By not using the word sovereignty, Sun lost the opportunity to show that the government has a modicum of self-respect and independence of identity and action. Sun’s “autonomy” is also in direct contradiction to Ma’s unilateral definition of Republic of China (ROC) “sovereignty” which includes all of the PRC and Mongolia, despite the overwhelming majority of Taiwanese rejecting this Chinese nationalist fantasy. Sun should remember that Hong Kong is also notionally “autonomous,” as is Macau.
Is he arguing that the government’s greatest ambition for cross-strait relations is to downgrade Taiwan into an autonomous special administrative region of the PRC?
Worryingly, Sun argues that the Ma admistration’s modus operandi is to “further relations with other nations and regional organizations by normalizing cross-strait relations.” This is another way to express Ma’s campaign slogan of “going to the world through China.” It is an apt analogy.

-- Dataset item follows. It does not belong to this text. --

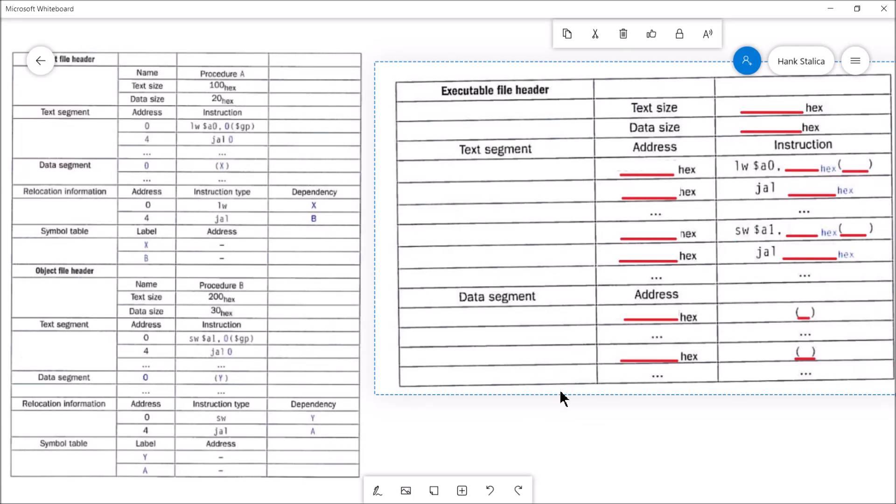Hi guys, welcome back. This is Professor Anke. In this video, I'm going to talk to you about the linker program's role in the translation process.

When Taiwanese businesspeople want to travel to China, they cannot use their own passports, but must adopt a Mainland Travel Permit provided by the Chinese authorities. While in China, they face constant pressure to negate their Taiwanese identity. Their exports are marked “Made in China” and are counted statistically as part of the Chinese economy.
So too when Taiwan wants to participate in international organizations and events, it has increasingly had to “go through China to the world,” often with China being consulted beforehand, rendering Taiwan voiceless and humiliated. Taiwan’s observer ship at the World Health Assembly is one such example — a touted great achievement for the Ma administration which was nothing but yet another demonstration of the utter failure of Ma’s unpracticed “diplomatic truce.”
“Integrating” more closely with China did not facilitate free-trade agreements (FTA) with Singapore and New Zealand. They were negotiated separately. The Economic Cooperation Framework Agreement and the subsequent services and goods trade agreements likewise will not convince other nations to sign FTAs with Taiwan, especially when it is almost certain that Chinese pressure will block any progress. The US already said it wanted Taiwan to be a part of Trans-Pacific Partnership (TPP) talks in the future regardless of the PRC’s opinion, only to be later bewildered by the Ma administration stating it would need China’s approval first.
Never mind that the TPP is a largely secret pact which strips governments of the sovereign right to determine the extent to which the market can play a role in the delivery of core social services and public goods, and ownership of public national infrastructure. The TPP is entirely anti-democratic and designed to serve specific corporate interests.
Finally, it is supremely ironic that this government complains about the opposition blocking the free economic pilot zones bill and services agreement, when even many of its own legislators do not want to be seen voting for them. Between 2000 and 2008, the Chinese Nationalist Party (KMT) blocked most of the former president Chen Shui-bian (陳水扁) administration’s legislative agenda, regardless of whether the bills enjoyed public support.
It is because of the partisan and disrespectful manner in which the KMT has treated the Legislative Yuan that the nation now has a severely depleted airforce and which also caused the student-led Sunflower movement to occupy the legislature.
If the state’s leaders and institutions speak and act with no regard to public opinion, the public has no responsibility to “have the integrity and demeanor to accept that decision.” To do so on blind faith would instead be an abrogation of the entire concept of democratic participation, representation, and accountability.
Sun’s patronising, mendacious, and formulaic response to Gerrit van der Wees speaks volumes.